New California State Law Quietly Changes the Definition of Disability

California Fair Employment and Housing Act (FEHA) has been recently amended to expand the definition of disabled beyond that currently applied by the Americans With Disabilities Act (ADA).
New California State Law Quietly Changes the Definition of Disability

While the new OSHA ergonomics rules have employers´ groups filing lawsuits, the California Fair Employment and Housing Act (FEHA) has been recently amended to expand the definition of disabled beyond that currently applied by the Americans With Disabilities Act (ADA).

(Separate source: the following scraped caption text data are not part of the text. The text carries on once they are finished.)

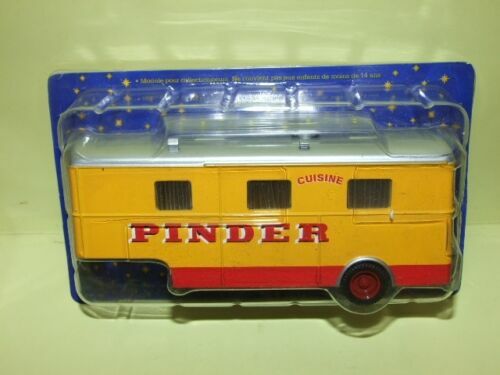 Camion Marmon 1/64 Avec Remorque éléphants Pinder - Modèle Altaya En Zamak Rouge Et Jaune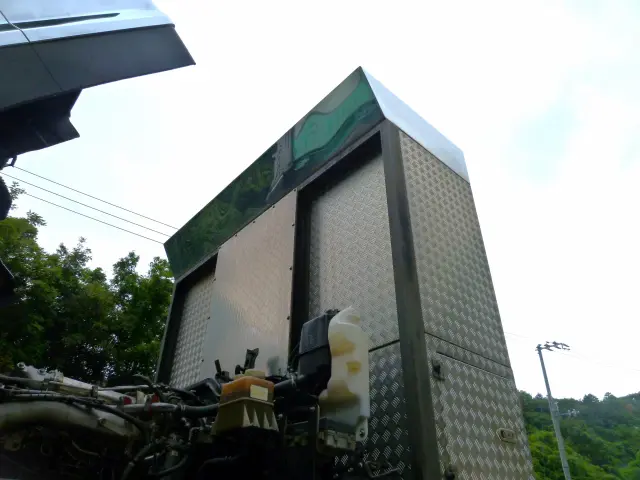 いすゞ ギガ 2DG-EXZ52CK(6x4)の写真9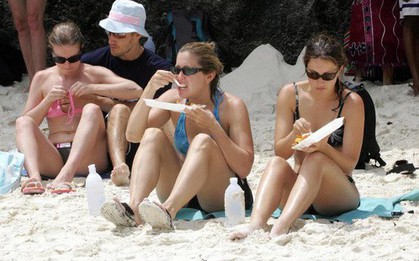 Bãi biển nổi tiếng Thái Lan phải đóng cửa 4 tháng vì lý do “nói mãi không sửa” của du khách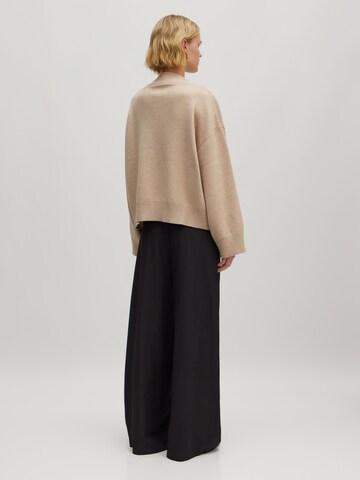 EDITED Pullover 'Fabiola ' in Beige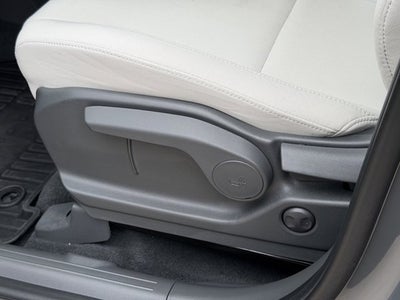 2024 Hyundai Santa Fe SE
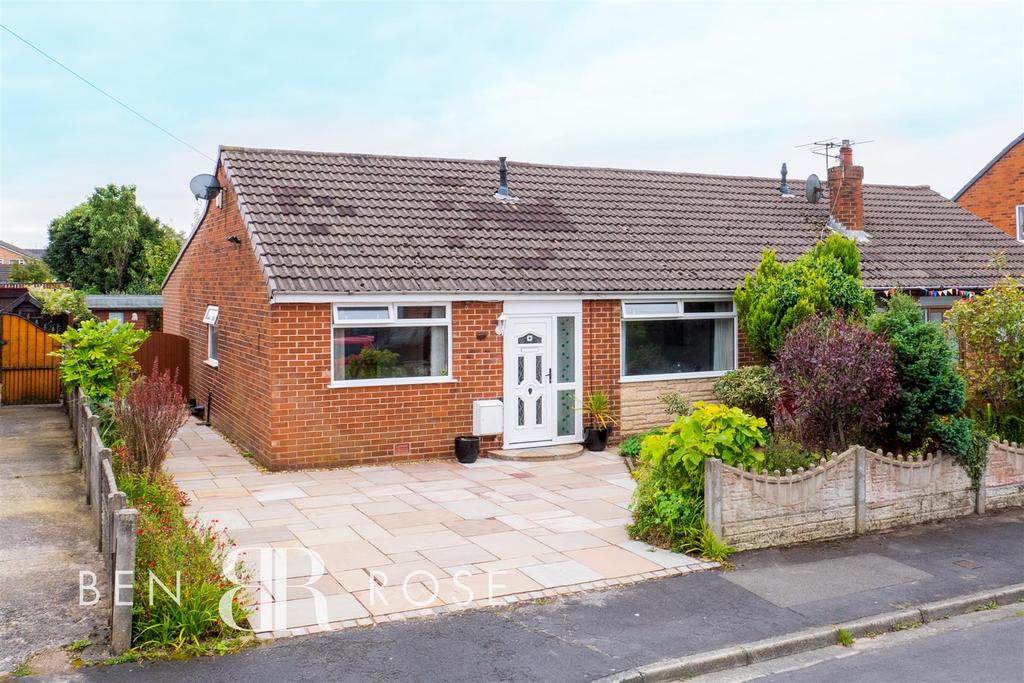 Ash Road, Coppull, Chorley 2 bed bungalow £189,995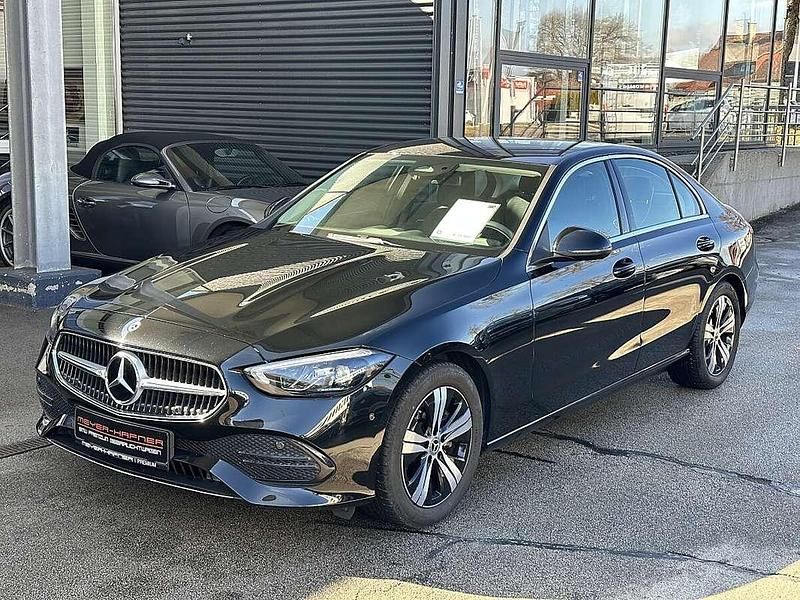 Gebraucht Mercedes C180 Avantgarde 170 PS (125 kW) 2023 Schwarz Limousine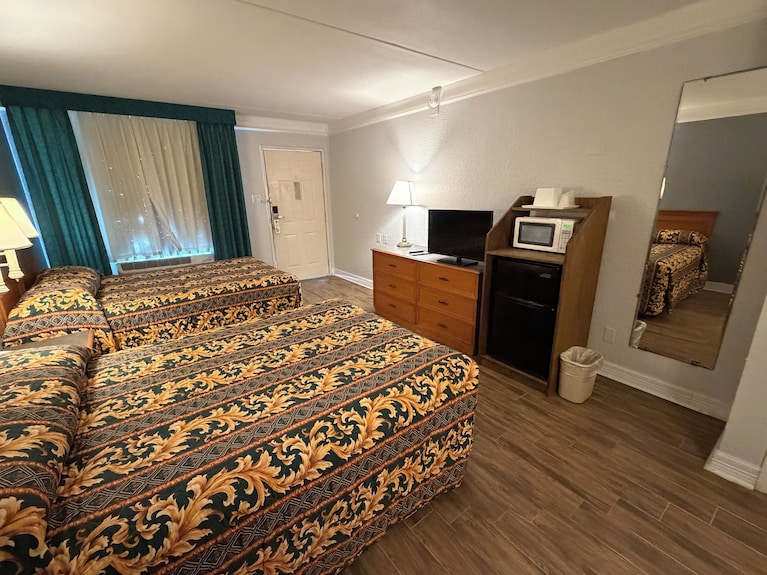 Wonderful Smoking Double Bedroom In Marvelous Houston With Ac - Stafford, TX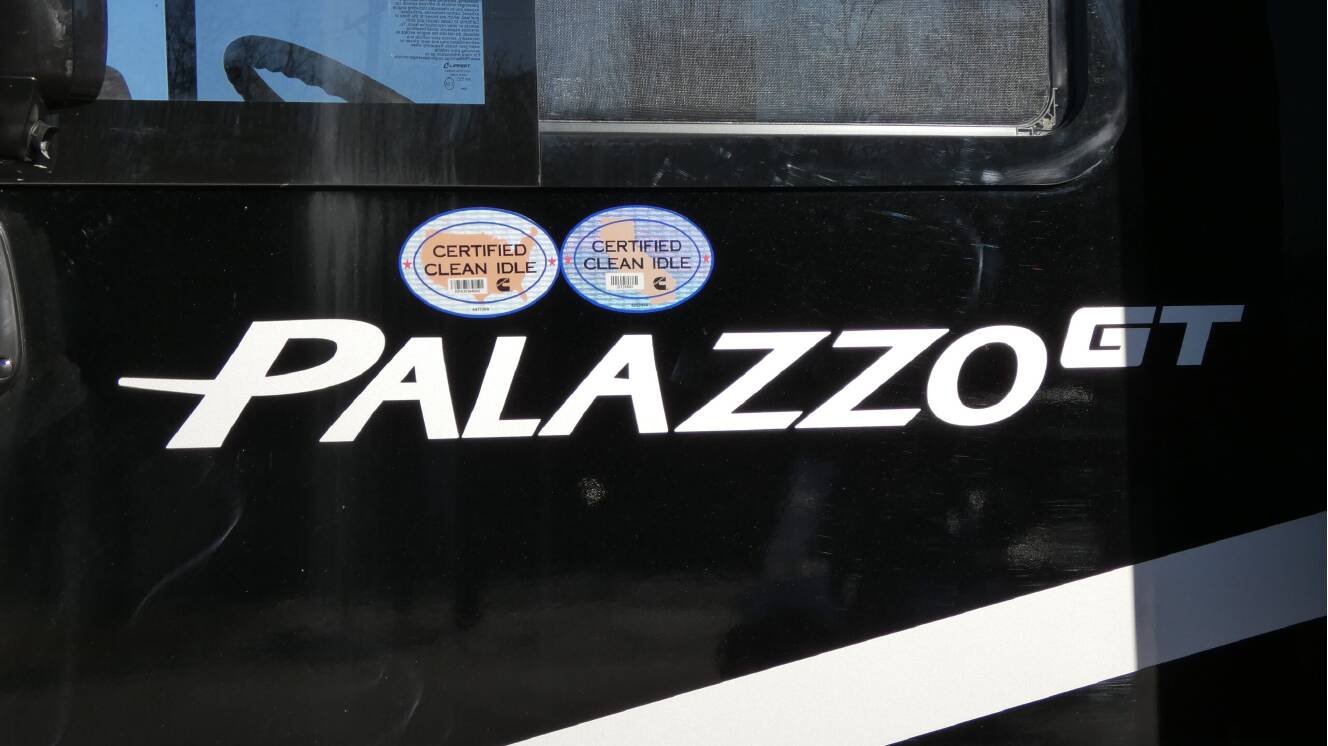A photo of this 2026 Thor Motor Coach PALAZZO GT 33.6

Assembly Bill 2222 was signed by Governor Gray Davis on September 30th, 2000 and came into effect on January 1st, 2001.   In the past few days lawyers who represent employers have begun to voice their concerns.   California is now out of step with the U.S. Supreme Court´s jurisprudence that in three cases last year interpreted the ADA´s definition of disability.   As well, the Equal Employment Opportunity Commission´s (EEOC) published guidelines (available on their website - www.eeoc.gov) support the Supreme Court´s interpretation.

What Are the Differences?

The key difference from the ADA is in the definition of "disability".   According to the federal law a disability is a condition that "substantially limits" a major life activity.   In the new California state law, workers just need to prove that the condition "makes the achievement of a major life activity difficult".

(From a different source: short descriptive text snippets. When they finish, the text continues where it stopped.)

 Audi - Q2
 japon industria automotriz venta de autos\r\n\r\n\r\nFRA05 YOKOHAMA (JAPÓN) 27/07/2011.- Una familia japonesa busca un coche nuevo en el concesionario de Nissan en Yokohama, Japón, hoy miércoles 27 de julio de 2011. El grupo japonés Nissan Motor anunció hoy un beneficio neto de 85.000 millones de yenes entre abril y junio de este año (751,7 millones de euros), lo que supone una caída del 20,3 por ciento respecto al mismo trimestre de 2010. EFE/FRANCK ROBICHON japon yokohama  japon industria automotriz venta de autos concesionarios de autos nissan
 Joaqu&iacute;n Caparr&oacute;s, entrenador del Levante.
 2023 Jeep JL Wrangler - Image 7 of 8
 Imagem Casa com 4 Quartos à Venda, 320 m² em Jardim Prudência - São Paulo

Another key difference is the issue of mitigating measures.   According to the Supreme Court an individual is not considered disabled if the condition can be corrected or mitigated.   In Sutton v. United Airlines, Inc., 119 S.C. 2139 (1999) the Supreme Court decided that two myopic pilots, who were not hired by the company, were not victims of disability discrimination because they could correct their vision with glasses or contact lenses. This is considered by some to be bad law because the courts defined them as not disabled when they wore their corrective lenses but the employer was allowed to reject their application based upon their uncorrected vision. Under the California law workers will be protected from discrimination even though they have corrected the condition with glasses, hearing aids or by taking medication.

Another key issue in Sutton v. United Airlines was the Supreme Court´s interpretation of a "major life activity".   The Court decided that that the two pilots, who were employed as commercial pilots when they applied for positions with United Airlines, functioned as well with their corrective lenses as someone without a similar impairment.   They therefore were not considered to be substantially limited in a major life activity.

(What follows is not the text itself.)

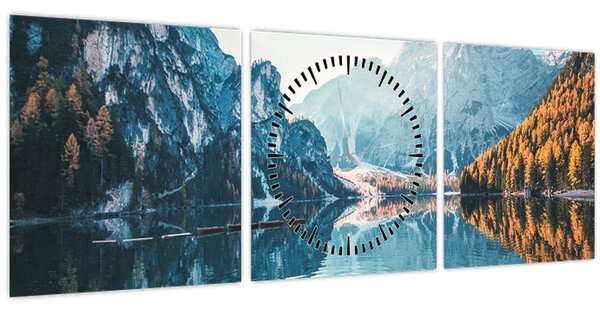 Obraz - Lode na jazere Braies (s hodinami) (90x30 cm)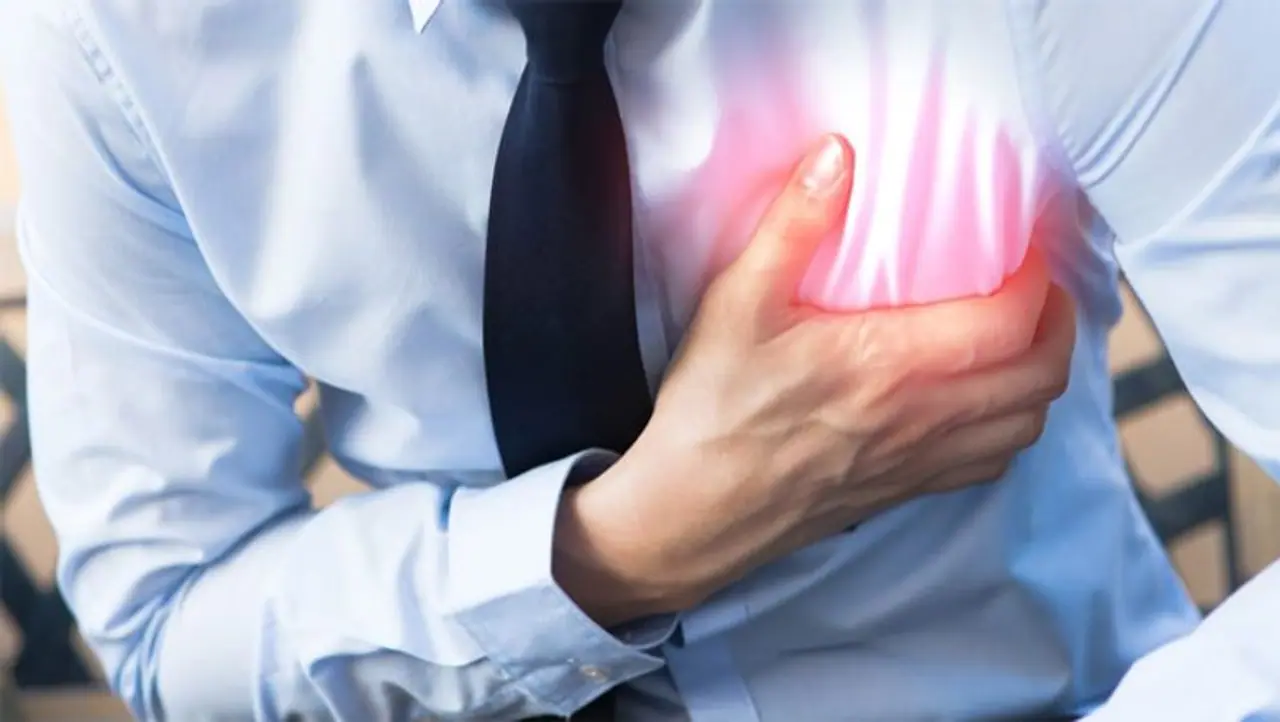 <p style="text align: justify;"><strong>ಈ ವಿಷಯಗಳು ರಕ್ತದೊತ್ತಡವನ್ನು ನಿಯಂತ್ರಣದಲ್ಲಿಡುತ್ತವೆ : </strong>ಹೃದಯದ ಆರೋಗ್ಯವನ್ನು ಉತ್ತಮವಾಗಿಡುವ ಕೆಲವು ಪಾನೀಯಗಳನ್ನು ಸೇವಿಸಬೇಕು, ಇದು ಅಧಿಕ ರಕ್ತದೊತ್ತಡವನ್ನು ನಿಯಂತ್ರಿಸಲು ಸಹಾಯ ಮಾಡುತ್ತದೆ. ಎಳನೀರು, ದಾಸವಾಳದ ಹೂವಿನ ರಸ, ದಾಳಿಂಬೆ ರಸ ಮತ್ತು ಟೊಮೆಟೊ ರಸ ರಕ್ತದೊತ್ತಡವನ್ನು ನಿಯಂತ್ರಣದಲ್ಲಿಡುತ್ತದೆ. </p> <p style="text align: justify;"><strong>ಈ ವಿಷಯಗಳು ರಕ್ತದೊತ್ತಡವನ್ನು ನಿಯಂತ್ರಣದಲ್ಲಿಡುತ್ತವೆ : </strong>ಹೃದಯದ ಆರೋಗ್ಯವನ್ನು ಉತ್ತಮವಾಗಿಡುವ ಕೆಲವು ಪಾನೀಯಗಳನ್ನು ಸೇವಿಸಬೇಕು, ಇದು ಅಧಿಕ ರಕ್ತದೊತ್ತಡವನ್ನು ನಿಯಂತ್ರಿಸಲು ಸಹಾಯ ಮಾಡುತ್ತದೆ. ಎಳನೀರು, ದಾಸವಾಳದ ಹೂವಿನ ರಸ, ದಾಳಿಂಬೆ ರಸ ಮತ್ತು ಟೊಮೆಟೊ ರಸ ರಕ್ತದೊತ್ತಡವನ್ನು ನಿಯಂತ್ರಣದಲ್ಲಿಡುತ್ತದೆ. </p>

The definition of limiting physical and mental life activities has been expanded.   The new California law enlarges the category of metal disabilities to include emotional and learning disabilities. Medical conditions that were not previously protected include cancer, HIV/AIDS, diabetes, hepatitis, bipolar disorders, epilepsy, heart disease and clinical depression.   Discrimination based on genetic or inheritable conditions is also not allowed.

The new law also states that its definition of a disability takes precedence over the U.S. Supreme Court´s interpretation of the ADA.

The Challenge to Accommodate

According to attorney David Kadue of the law firm Seyfarth Shaw, 80% of disability discrimination suits are dismissed by the courts. This is expected to change with the new legislation.   Such a high percentage of summary judgements in favor of employers should point to an imbalance of power that could change with these amendments to the FEHA. On the other hand, instead of opening a floodgate of discrimination suits, the legislation may challenge employers to accommodate the needs of employees and job applicants.